# Affection Hogs?



## java (Jan 15, 2009)

Anyone feel like they can never get enough affection from your spouse? I am constantly wanting his love and affection. I can never get enough. If we are wrapped up on the couch together and it's just us enjoying each other I am completely happy. If he has stuff to do and I go over to steal a kiss or hug and I can tell he isn't quite into it because he is distracted by something else...it makes me sad. 

Why am I always starving for love? He says it isn't bad that I feel that way for him but if I get upset to not get the affection when I want it b/c something else is going on then it's bad.  He says he feels the same way for me too...but he doesn't dwell over it when he can't have it. But he hardly ever seeks me out for affection. I am always pining over him. 

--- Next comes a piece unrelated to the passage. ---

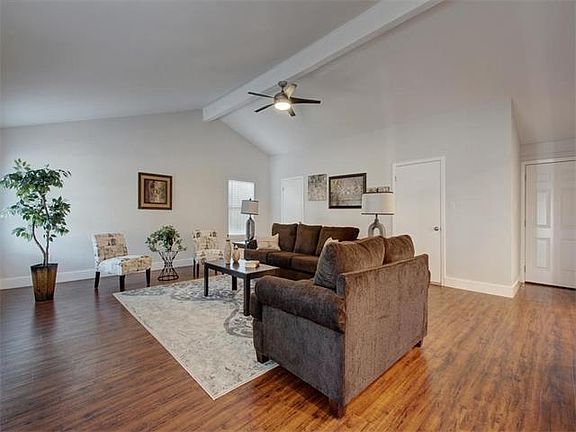 5th image of 1308 Glenwood Dr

does anyone else feel like this??? :scratchhead:


----------



## humpty dumpty (Nov 26, 2008)

I think men generally find it harder to show there affection, it doesnt mean your husband doesn't feel affection for you maybe he just doesn't know how to.
When he holds you tell him how much it means to you and how it makes you feel.


----------



## java (Jan 15, 2009)

I do tell him everytime...and he does know how to show me...cause he does sometimes. When he touches me I melt....I tell him...so you would think he would do it more often. But he is too busy all the time to just give me more and more and more. He says its never enough for me.


----------



## T-Dub (Feb 2, 2009)

Does he seem distant or anything? Change of jobs, some existing issues that maybe have not been cleared up in the past? I am a newbie, can you tell?


----------



## java (Jan 15, 2009)

It's fine. Nothing has changed except he is more used to being around me and the newness isn't there. We have been back together 2 years now. We are married so I am always here...so he doesn't get to miss me anymore i guess.


----------



## Blanca (Jul 25, 2008)

Ya i used to feel this way, too. i still do but i dont get upset anymore about it. 

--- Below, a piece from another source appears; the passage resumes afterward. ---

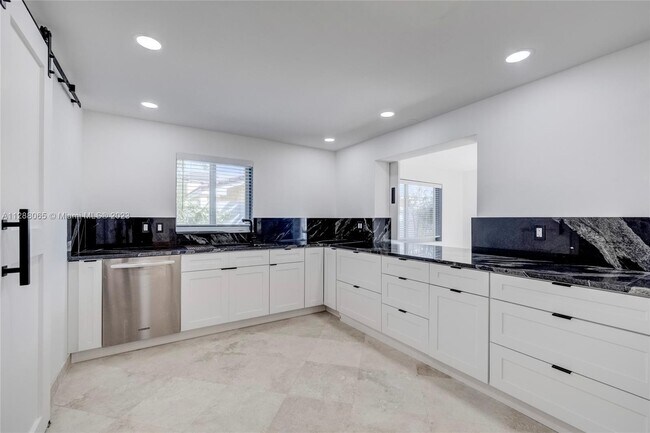 Building Photo - 2742 SE 11th St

what are your hobbies? what else do you do that you enjoy?


----------



## MarkTwain (Aug 1, 2008)

java-
You have to tell your husband: Pay attention, this is really important to me. I need hugs. After the 5th or 6th time it will sink in. Hugs release a hormone called oxytocin. See: Oxytocin improves "mind-reading" in humans. [Biol Psychiatry. 2007] - PubMed Result
and
Monitor on Psychology - The two faces of oxytocin


----------



## java (Jan 15, 2009)

ljtseng said:


> Ya i used to feel this way, too. i still do but i dont get upset anymore about it.
> 
> what are your hobbies? what else do you do that you enjoy?

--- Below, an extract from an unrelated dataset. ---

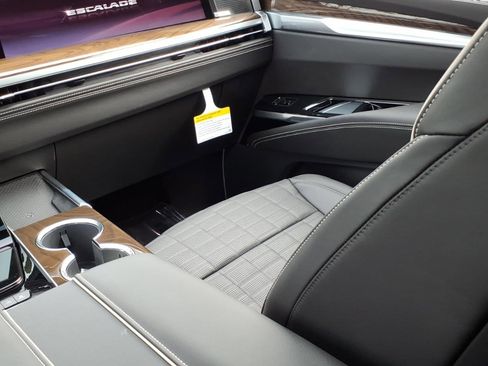 New 2026 Cadillac Escalade Platinum Sport w/ LPO, ONYX Package image 10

Hobbies....not sure...not enough I guess....I am a student...that should keep me busy enough but doesn't. 

How did you get past not being upset about it anymore?


----------



## java (Jan 15, 2009)

MarkTwain said:


> java-
> You have to tell your husband: Pay attention, this is really important to me. I need hugs. After the 5th or 6th time it will sink in. Hugs release a hormone called oxytocin. See: Oxytocin improves "mind-reading" in humans. [Biol Psychiatry. 2007] - PubMed Result
> and
> Monitor on Psychology - The two faces of oxytocin


MT thanks for the info....I think I will start saying "this is important to me" when I really need it and hopefully he will see how much it means to me.


----------



## Blanca (Jul 25, 2008)

java said:


> MT thanks for the info....I think I will start saying "this is important to me" when I really need it and hopefully he will see how much it means to me.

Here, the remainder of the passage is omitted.